The 2022er Niedermenniger Herrenberg Riesling Spätlese Feinherb Palm (the reference to this internal cask name is provided in small print on the label after the AP number) comes from different small parcels on the western side of the vineyard and was fermented down to off-dry levels of residual sugar. Slightly reductive at first, this quickly opens up to reveal beautiful notes of vineyard peach, Conference pear, minty herbs, and stone fruits. The wine proves incredibly creamy and refined on the delicately smooth and beautifully refined palate. The finish is more focused as zesty elements come through.

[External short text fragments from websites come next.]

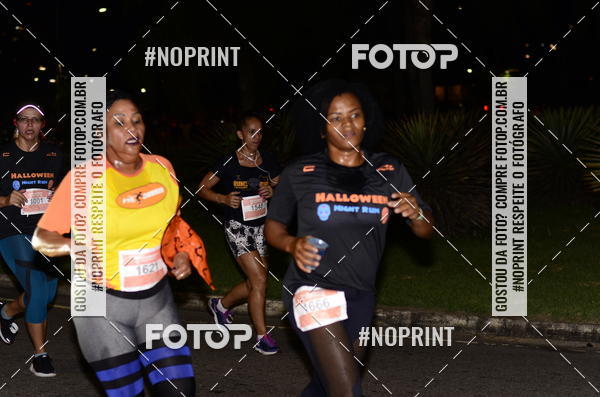 Buy your photos of the eventHalloween Run on Fotop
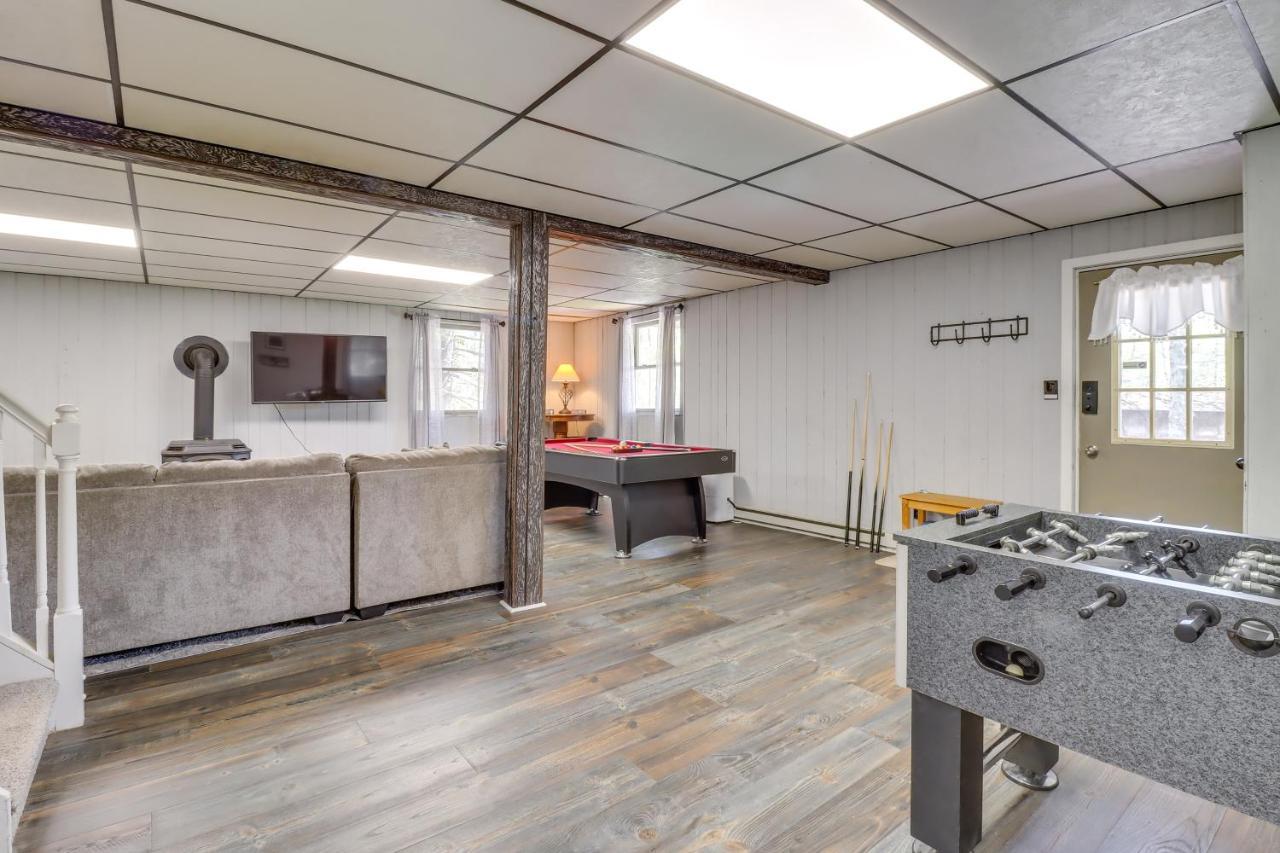 Lakefront Poconos Vacation Rental With Swim Dock! Long Pond Екстериор снимка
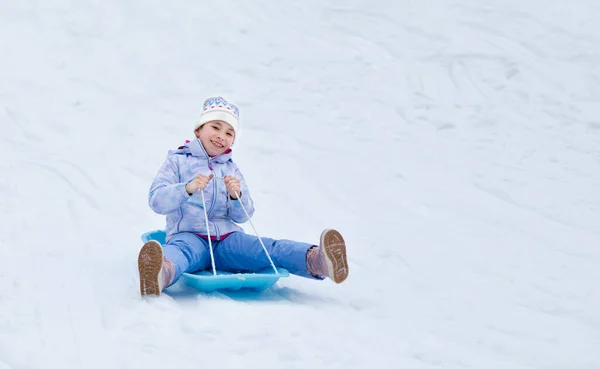 Concept Childhood Sledding Winter Happy Little Girl Rolling Hill Sled — Stock Photo, Image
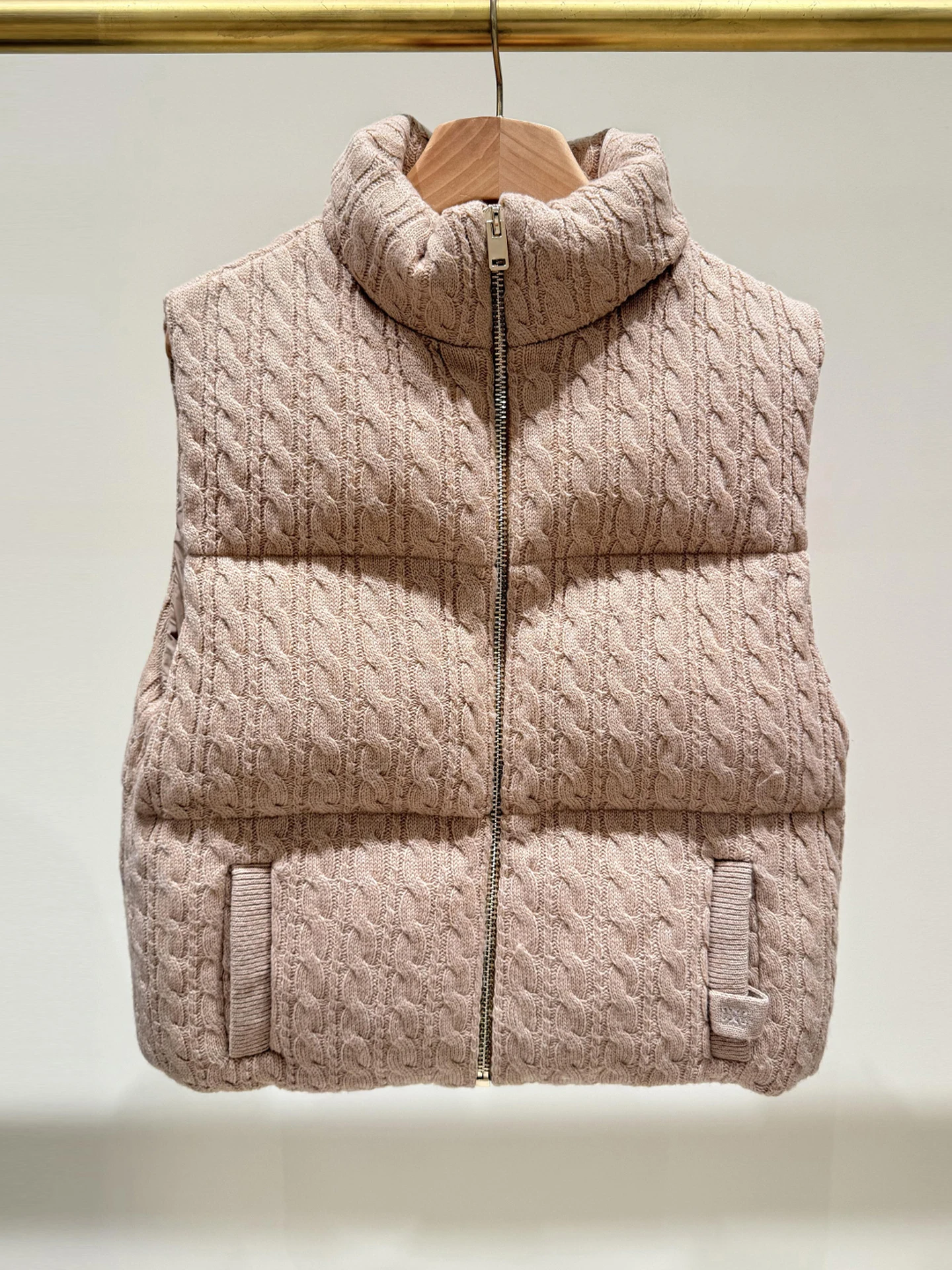 Высококачественный женский вязаный хлопковый жилет, осень-зима, новый воротник-стойка, молния, длина, цвет Faion, поездка на работу
Высококачественный женский вязаный хлопковый жилет, осень-зима, новый воротник-стойка, молния, длина, цвет Faion, поездка на работу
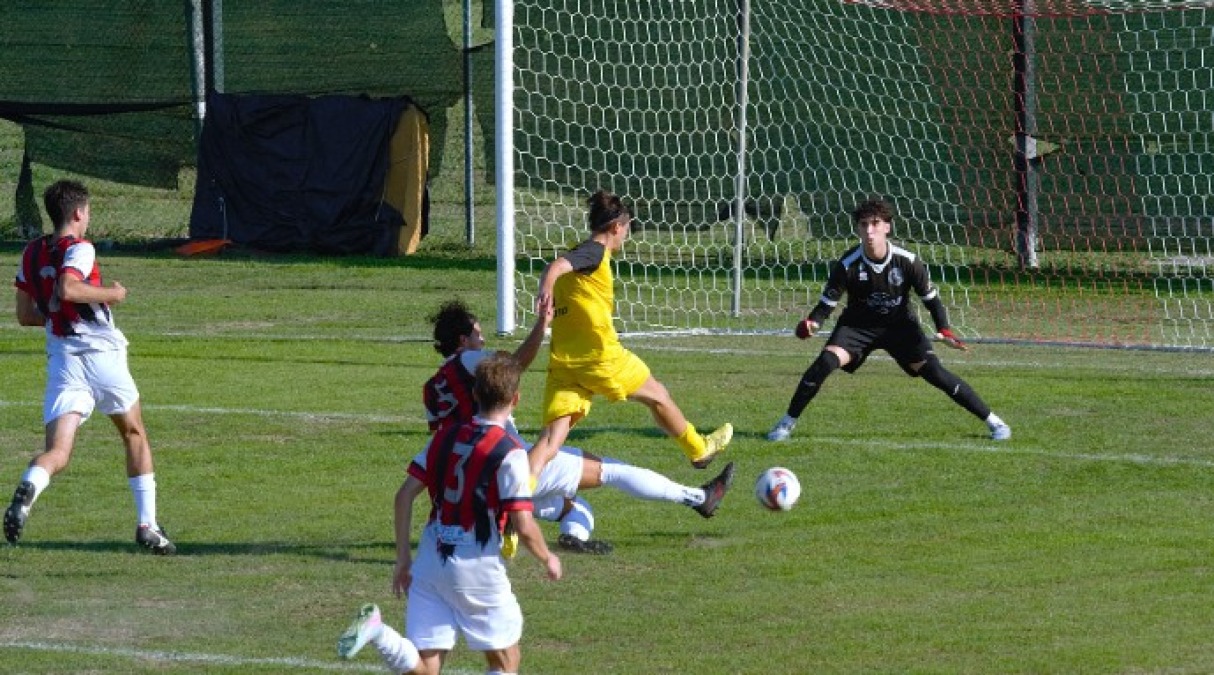 Calcio, il Gabicce Gradara cerca la riscossa: al Magi il forte Urbania - Un attacco del Gabicce Gradara
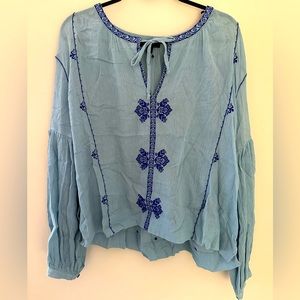 JCrew gauzy bohemian tunic. Blue with embroidered detail. Size 8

Aromatic and fruity flavors are wrapped into fine spices and herbal elements in the after-taste. 2027-2042 94 pts - Mosel Fine Wines
Erich Weber of Hofgut Falkenstein makes ultra-traditional, mostly dry-tasting Saar Rieslings. He likes to call himself “Winzer Weber.” Winzer is German for winegrower. In other words, the emphasis is on the work in his vineyards. With his tan and rugged face, he looks the part, too.
Erich ferments exclusively with wild yeasts in old wooden casks in a deep, cool cellar, and most of his wines end up either naturally dry (trocken) or off-dry (feinherb). Falkenstein, therefore, is one of the rare Saar producers that specializes in distinctive, bracing, light, dry Rieslings, bottled traditionally by the cask.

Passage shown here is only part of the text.